I think that’s what it’s going to be like when we finally get to heaven. Somehow, we tend to fear what’s unknown. We long for heaven itself, but we’re afraid of the journey from here to there– and yet when we finally arrive at that wonderful destination, I wonder if we will sheepishly regret that we’d ever been foolish enough to worry about what God has promised will be absolutely amazing.
The memory of that European travel experience returned to me this past week with vivid acuteness. The past several weeks have been full of grief upon grief, as one after another, several sudden deaths occurred. Already mourning the tragic death of a friend’s brother who fell from the trail they were hiking together two weeks ago, we were shocked to get word that my sister’s husband– my brother-in-law Dave– died very suddenly and quickly of a heart attack last week. Time stood still again, so close to the edge of eternity once more.
During this difficult week, my sister Connie has totally amazed me with the grace and beauty with which she has endured the sudden premature death of her husband. I suspect that the peace she has exuded– even through tears and waves of grief that wash over her periodically– comes from the absolute confidence she has in the peace and beauty of Dave’s journey, as he was ushered by God’s angels into eternal glory in the presence of Jesus Christ. Words from a prayer given this last Sunday when we attended our son and daughter-in-law’s church arrested my attention and became my frequent prayer for Connie this week: “May we bear our burdens with diligence and dignity, secure in Your Providential Love.” Connie has certainly been a testimony of this prayer.

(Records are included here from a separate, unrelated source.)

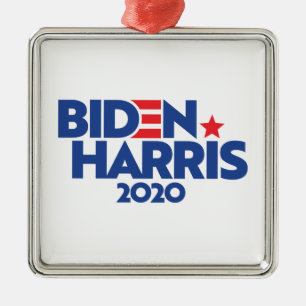 Ornement Carré Argenté Biden Harris 2020
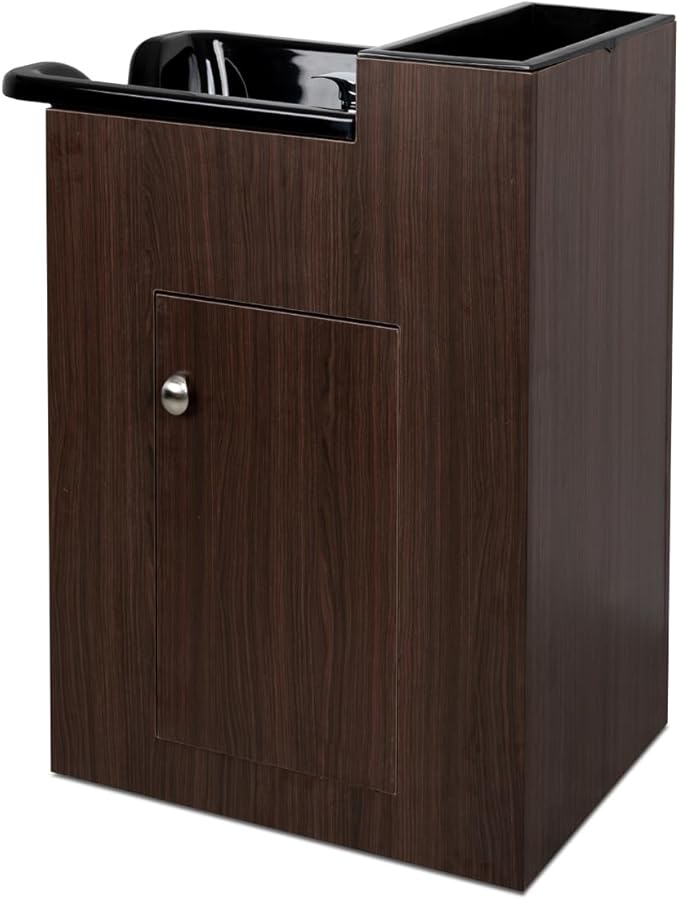Cumberland Shampoo Bowl Cabinet in Walnut - Cabinet Only | Minerva Beauty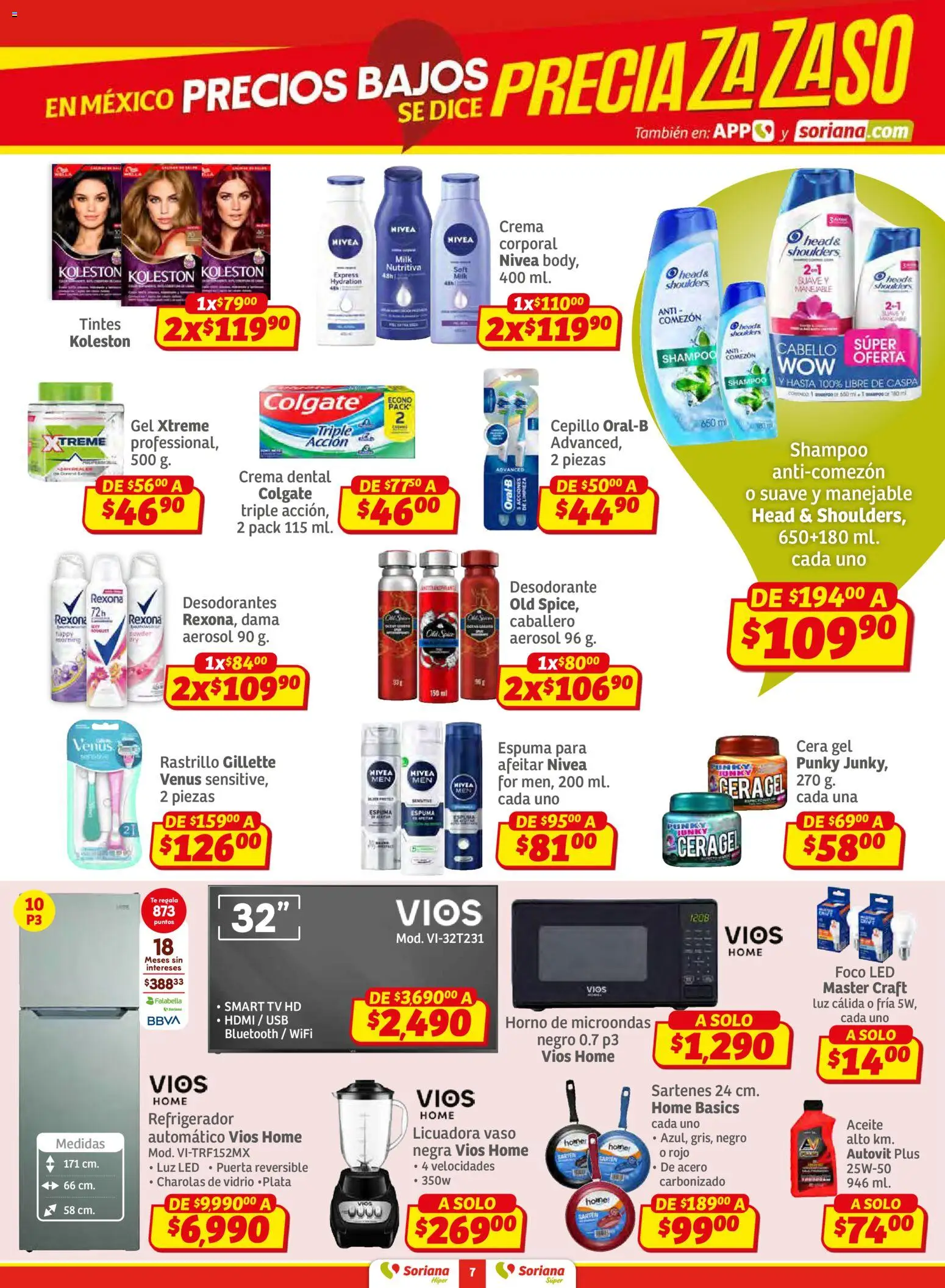 Nuevas ofertas de Soriana válidas en toda la República Mexicana desde el 12.02.2026. ¡Encuentra las mejores ofertas en Soriana - Preciazazaso Súper: Frontera Chih, Coah, Tamaulipas! | Página: 7 | Productos: Refrigerador, Espuma, Licuadora, Microondas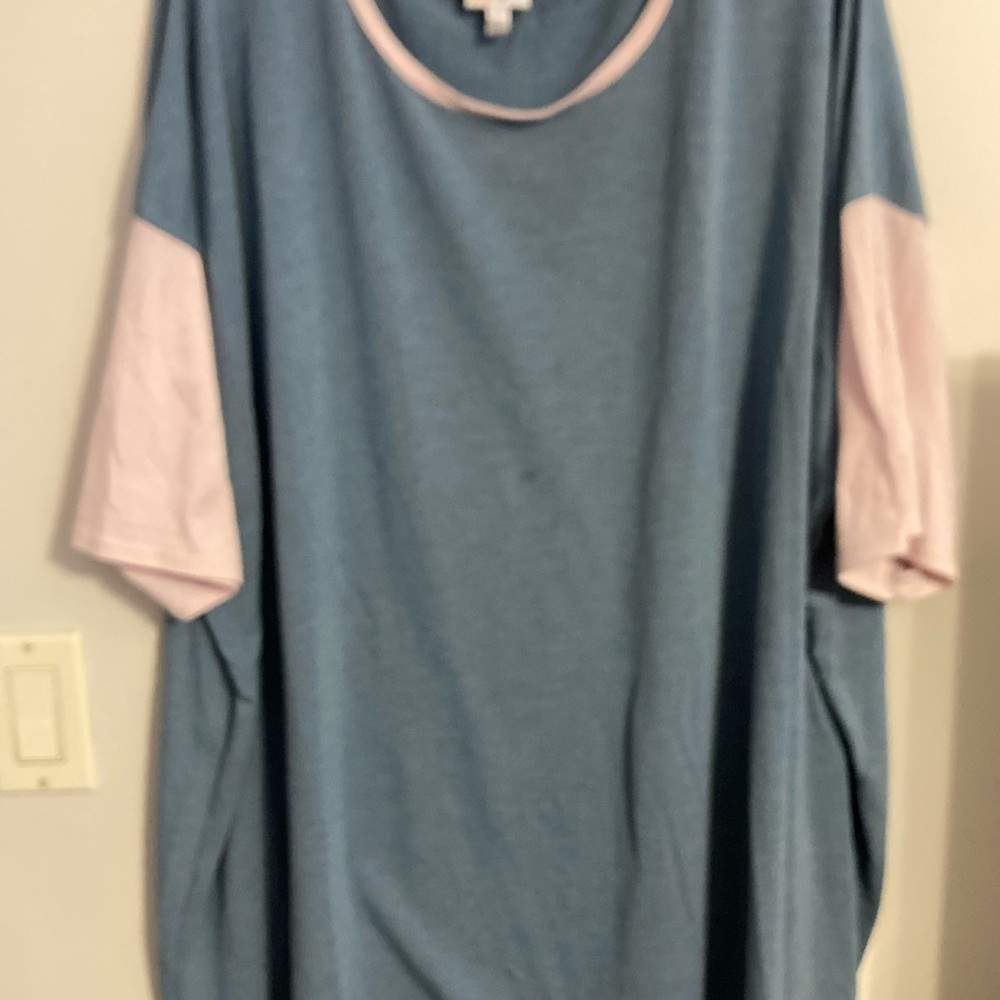 LulaRoe Blue and Pink Short Sleeve Top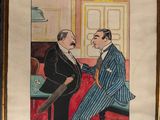 painting of a man in a suit talking to another man in a suit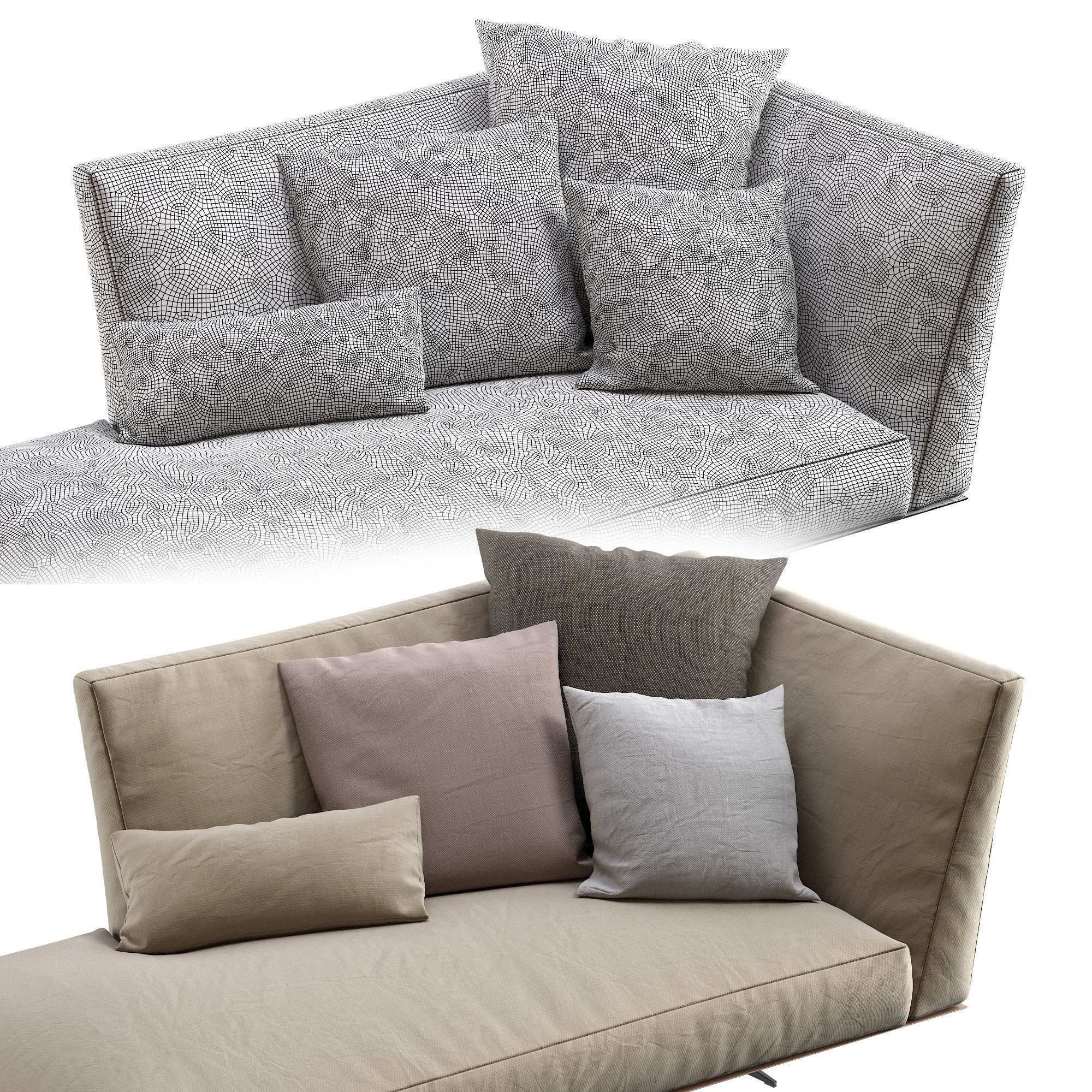 Chaise Lounge Evergreen By Flexform 3D model_4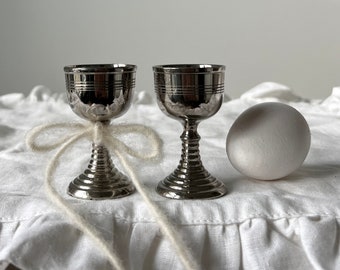 Vintage German Silver Plated Egg Cups - Set of 2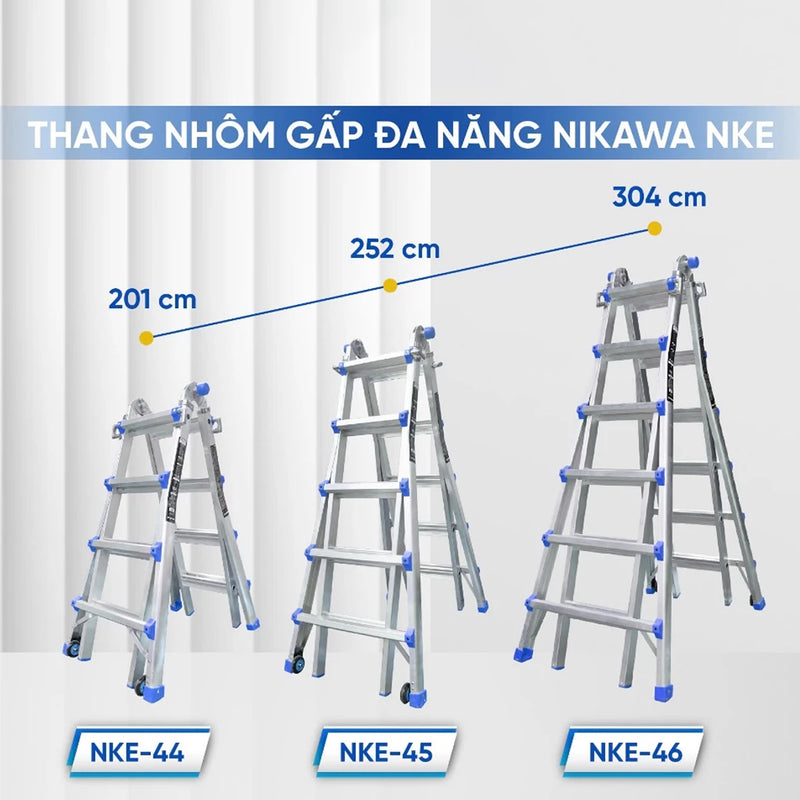 Thang nhôm gấp đa năng (rút lồng) Nikawa, độ dày nhôm chịu lực 2.4mm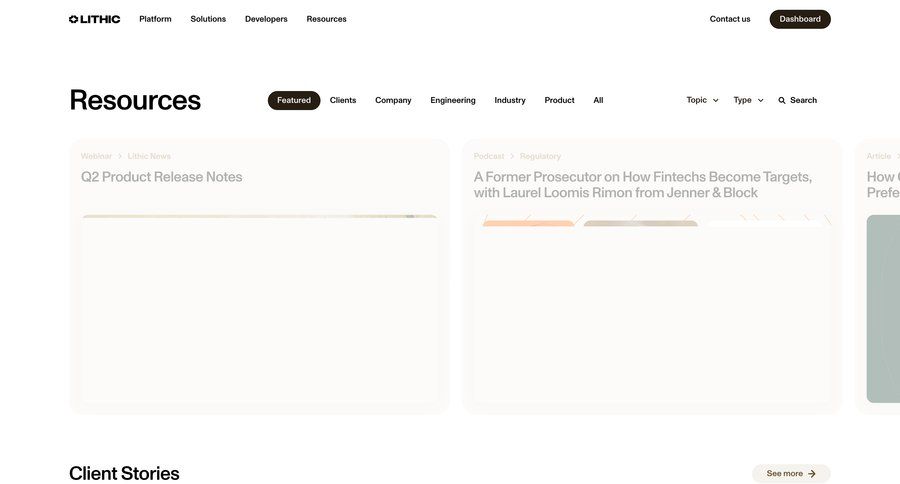 Lithic
			resources blog content newsletter signup ui page example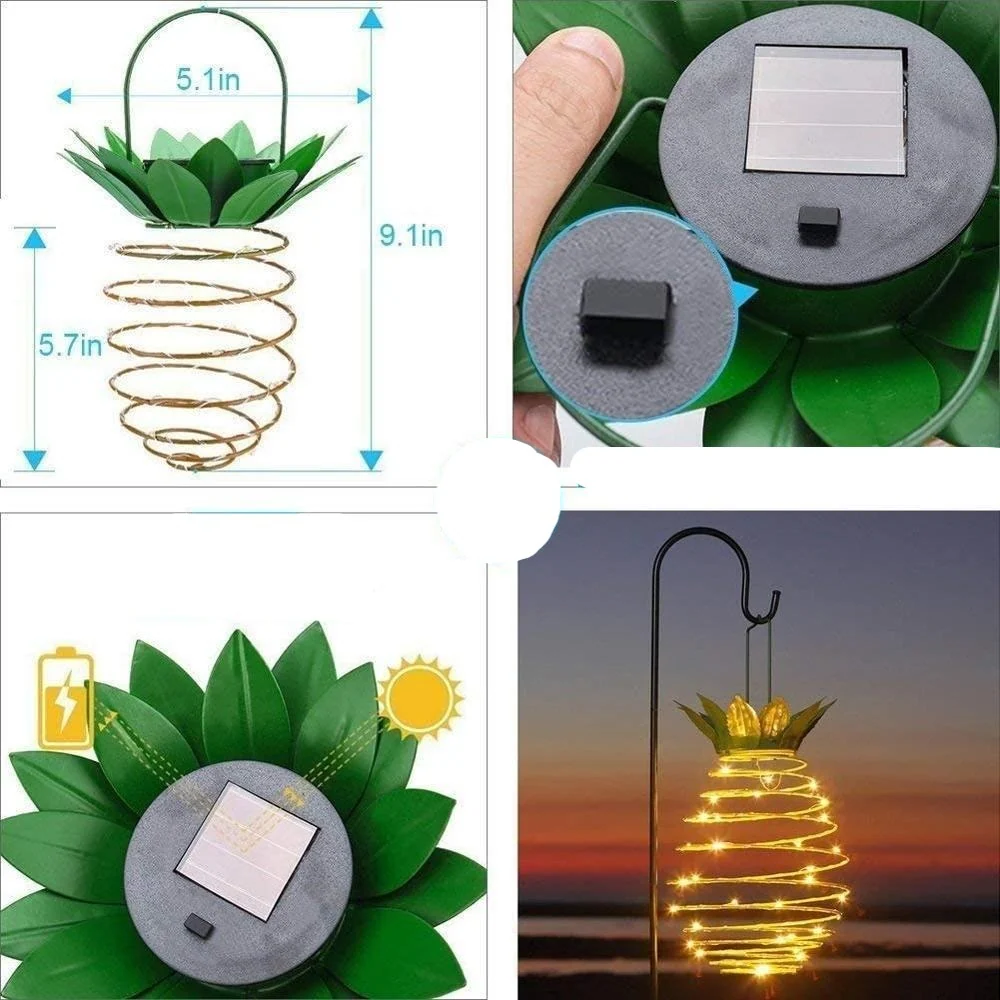 Suspension lumineuse LED ananas avec ampoules blanc chaud pour le jardin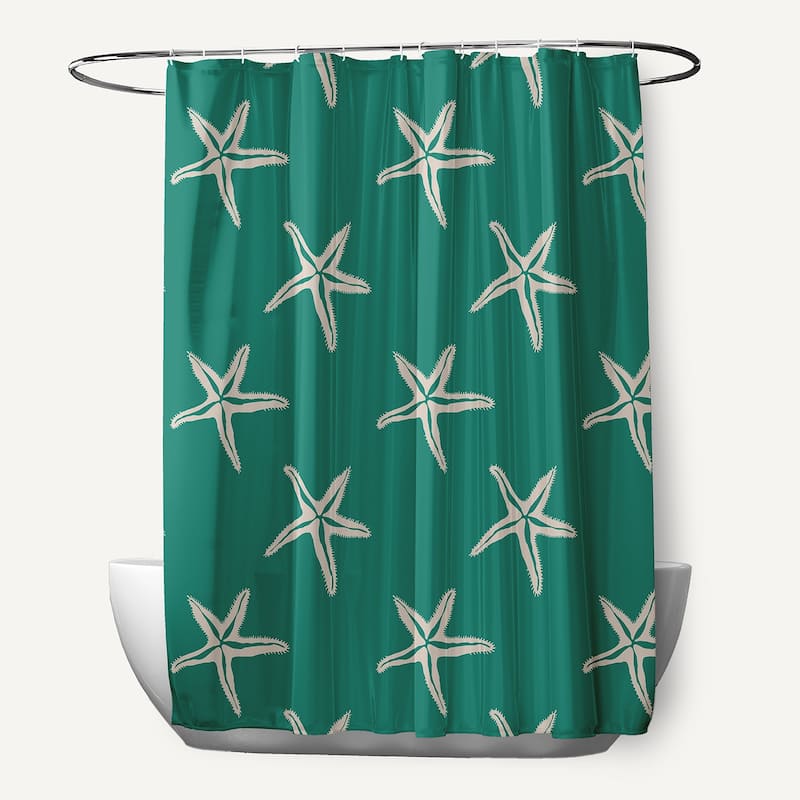 Starfish Shower Curtain - Kelly Green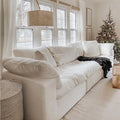 Custom cloud cloud sofa three-seater straight modern minimalist cream style down modular fabric sofa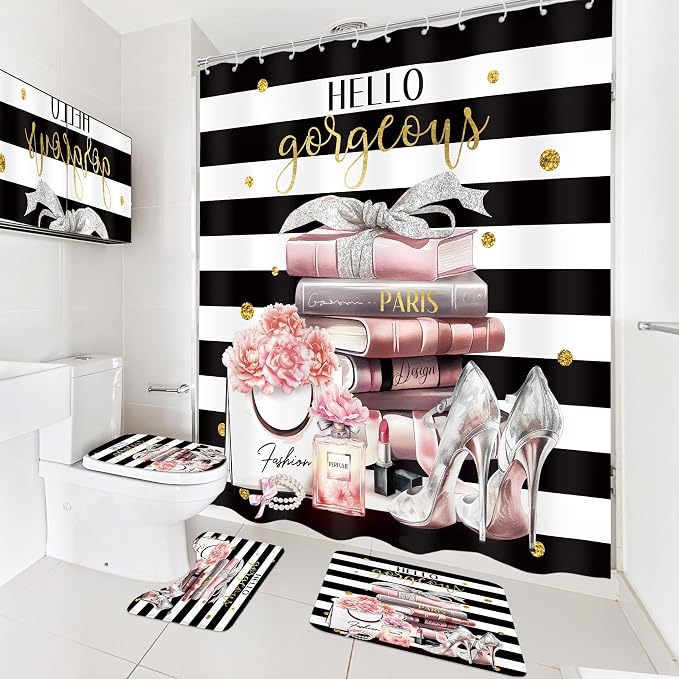 4Pcs Pink Black Girls Bathroom Sets with Shower Curtain and Rugs, Fashion Flower Perfume Toilet Lid Cover, Bath Mat, Women Girly White Striped High Heels Books Shower Curtain with 12 Hooks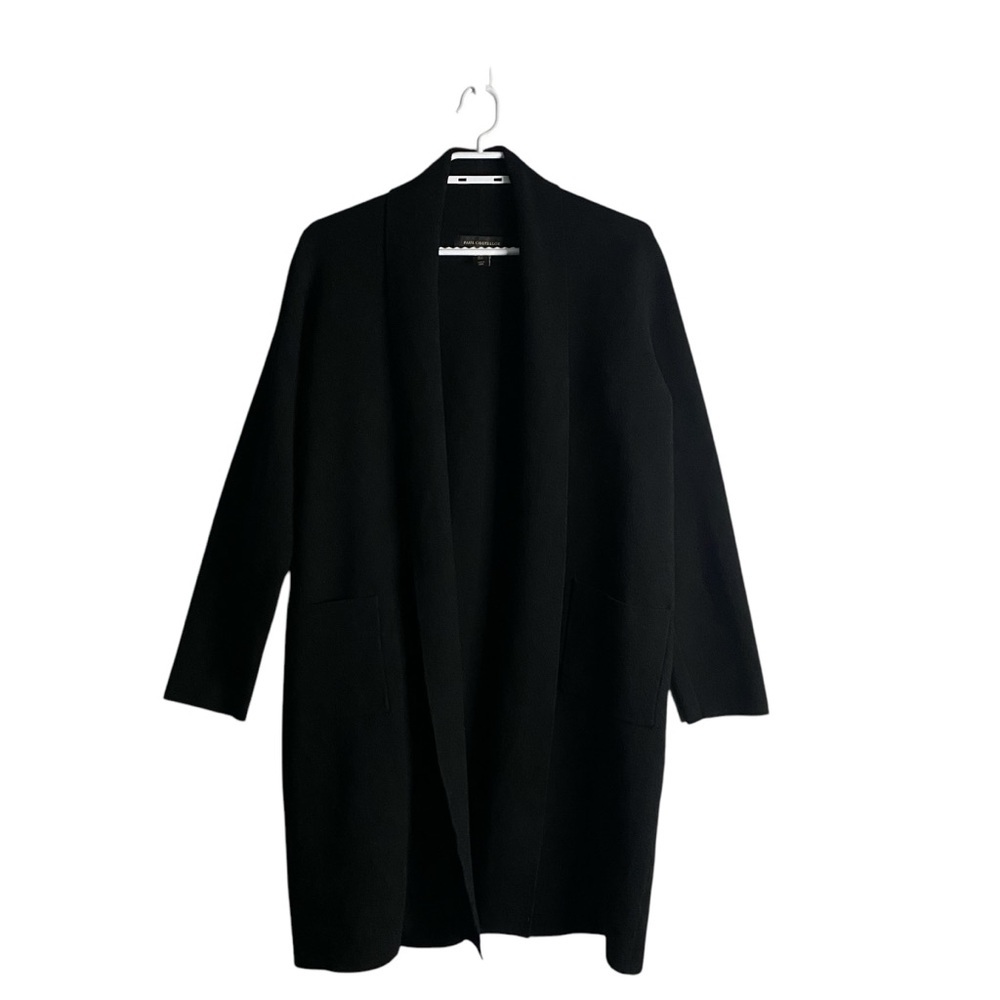 Paul Costelloe Women's Black Cozy Knit Open Front Sweater Cardigan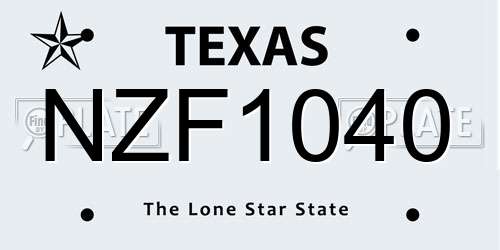 NZF1040 Texas License Plate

Instead of focusing on the grief of Dave’s sudden death, Connie chose instead to focus on the celebration of his life, and the blessed assurance that Dave’s journey is joyfully completed. Friends and family laughed together, shared memories and funny stories intermixed with tears, and applauded after Dave and Connie’s grandson played his guitar and sang in honor of his Grampa’s memory. Guests were invited to use the Sharpies provided to write farewell notes on the casket, and together everyone sang “Amazing Grace”– because God’s grace truly is amazing.
“Death is swallowed up in victory. Oh death, where is your victory? Oh death, where is your sting?… Thanks be to God, who gives us the victory through our Lord Jesus Christ!” (1 Cor. 15:55, 57)
Dale, another one of my sisters, once told me she expects to arrive disheveled in heaven, her shirt-tail probably hanging out, glasses crooked, and her hair messy as she stands in amazement saying, “Whoa!! That ride was amazing!”
Yes, I think she may be right. Dave, we sure will miss you, brother! You’ve reached your destination. But wait for us on the other side… we’ll be there. At the end of the journey!